EXERCISE = Among the records below, find each line that includes the string "textured" and copy it.

DATA EXCERPTS =

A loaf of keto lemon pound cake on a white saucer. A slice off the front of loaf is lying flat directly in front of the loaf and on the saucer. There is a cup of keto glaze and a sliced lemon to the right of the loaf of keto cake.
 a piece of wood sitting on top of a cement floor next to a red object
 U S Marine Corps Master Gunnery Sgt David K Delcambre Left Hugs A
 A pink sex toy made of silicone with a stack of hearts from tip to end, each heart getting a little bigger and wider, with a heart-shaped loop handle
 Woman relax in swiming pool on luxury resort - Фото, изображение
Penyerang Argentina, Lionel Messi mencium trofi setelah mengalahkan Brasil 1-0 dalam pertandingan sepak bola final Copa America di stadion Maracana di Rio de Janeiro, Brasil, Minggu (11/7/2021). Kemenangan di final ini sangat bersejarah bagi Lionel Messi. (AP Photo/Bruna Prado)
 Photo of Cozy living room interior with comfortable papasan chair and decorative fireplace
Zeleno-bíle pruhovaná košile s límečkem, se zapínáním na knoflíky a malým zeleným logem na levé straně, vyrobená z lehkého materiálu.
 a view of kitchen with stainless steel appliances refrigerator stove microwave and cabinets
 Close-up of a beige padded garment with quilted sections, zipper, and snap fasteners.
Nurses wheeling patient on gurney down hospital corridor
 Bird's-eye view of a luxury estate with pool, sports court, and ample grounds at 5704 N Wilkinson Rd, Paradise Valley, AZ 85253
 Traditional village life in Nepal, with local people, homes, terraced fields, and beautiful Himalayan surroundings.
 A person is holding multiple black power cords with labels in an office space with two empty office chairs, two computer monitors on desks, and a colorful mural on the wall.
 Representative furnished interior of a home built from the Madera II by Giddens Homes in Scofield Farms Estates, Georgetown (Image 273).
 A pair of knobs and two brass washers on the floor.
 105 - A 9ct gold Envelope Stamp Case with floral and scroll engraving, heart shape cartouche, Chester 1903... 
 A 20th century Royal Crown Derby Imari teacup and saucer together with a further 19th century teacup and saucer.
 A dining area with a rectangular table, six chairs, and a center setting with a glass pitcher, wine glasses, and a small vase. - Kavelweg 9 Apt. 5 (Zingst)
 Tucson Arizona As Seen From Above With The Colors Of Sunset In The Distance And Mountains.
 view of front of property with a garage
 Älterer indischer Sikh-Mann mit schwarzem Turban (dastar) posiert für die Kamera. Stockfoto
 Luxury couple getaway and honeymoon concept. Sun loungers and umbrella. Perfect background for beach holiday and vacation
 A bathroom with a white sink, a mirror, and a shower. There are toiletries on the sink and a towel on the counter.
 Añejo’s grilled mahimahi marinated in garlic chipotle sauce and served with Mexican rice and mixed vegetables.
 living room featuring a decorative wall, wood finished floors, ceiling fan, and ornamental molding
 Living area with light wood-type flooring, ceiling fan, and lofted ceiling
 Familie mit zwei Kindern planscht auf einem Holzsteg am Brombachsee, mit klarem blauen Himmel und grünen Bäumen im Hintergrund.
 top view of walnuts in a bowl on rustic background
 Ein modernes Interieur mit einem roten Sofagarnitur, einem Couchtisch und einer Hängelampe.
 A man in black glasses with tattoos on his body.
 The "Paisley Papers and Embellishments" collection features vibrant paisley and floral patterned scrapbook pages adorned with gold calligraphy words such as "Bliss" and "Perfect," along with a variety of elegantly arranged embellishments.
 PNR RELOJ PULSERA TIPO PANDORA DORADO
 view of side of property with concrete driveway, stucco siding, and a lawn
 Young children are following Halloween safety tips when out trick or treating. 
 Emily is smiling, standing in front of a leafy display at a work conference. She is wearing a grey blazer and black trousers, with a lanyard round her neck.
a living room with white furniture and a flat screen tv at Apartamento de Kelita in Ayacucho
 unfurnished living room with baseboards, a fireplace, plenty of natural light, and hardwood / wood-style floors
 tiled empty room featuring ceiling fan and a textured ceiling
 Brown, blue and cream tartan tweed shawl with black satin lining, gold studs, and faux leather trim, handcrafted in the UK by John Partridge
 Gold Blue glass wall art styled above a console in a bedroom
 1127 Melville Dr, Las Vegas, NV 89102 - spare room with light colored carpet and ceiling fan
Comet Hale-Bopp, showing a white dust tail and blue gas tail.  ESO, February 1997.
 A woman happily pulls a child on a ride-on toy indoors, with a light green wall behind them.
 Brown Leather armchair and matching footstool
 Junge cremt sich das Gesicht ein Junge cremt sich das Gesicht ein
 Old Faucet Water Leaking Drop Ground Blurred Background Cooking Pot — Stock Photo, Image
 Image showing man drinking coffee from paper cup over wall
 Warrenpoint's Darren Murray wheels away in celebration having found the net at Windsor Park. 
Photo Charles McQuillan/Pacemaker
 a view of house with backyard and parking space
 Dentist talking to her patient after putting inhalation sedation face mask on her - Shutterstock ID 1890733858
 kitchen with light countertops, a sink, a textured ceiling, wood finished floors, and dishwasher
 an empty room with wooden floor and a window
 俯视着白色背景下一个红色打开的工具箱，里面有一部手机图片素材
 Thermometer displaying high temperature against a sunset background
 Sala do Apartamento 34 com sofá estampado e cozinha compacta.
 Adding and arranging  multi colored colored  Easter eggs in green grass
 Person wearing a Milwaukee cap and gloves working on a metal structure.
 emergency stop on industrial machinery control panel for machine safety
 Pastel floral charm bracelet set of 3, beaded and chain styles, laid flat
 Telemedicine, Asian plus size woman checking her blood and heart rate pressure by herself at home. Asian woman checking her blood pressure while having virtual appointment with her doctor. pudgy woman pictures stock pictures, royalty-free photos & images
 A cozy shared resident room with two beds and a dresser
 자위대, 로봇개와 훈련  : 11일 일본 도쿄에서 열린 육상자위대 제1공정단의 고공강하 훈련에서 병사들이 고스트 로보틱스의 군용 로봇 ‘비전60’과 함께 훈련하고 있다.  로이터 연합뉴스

ANSWER SPACE =
 tiled empty room featuring ceiling fan and a textured ceiling
 kitchen with light countertops, a sink, a textured ceiling, wood finished floors, and dishwasher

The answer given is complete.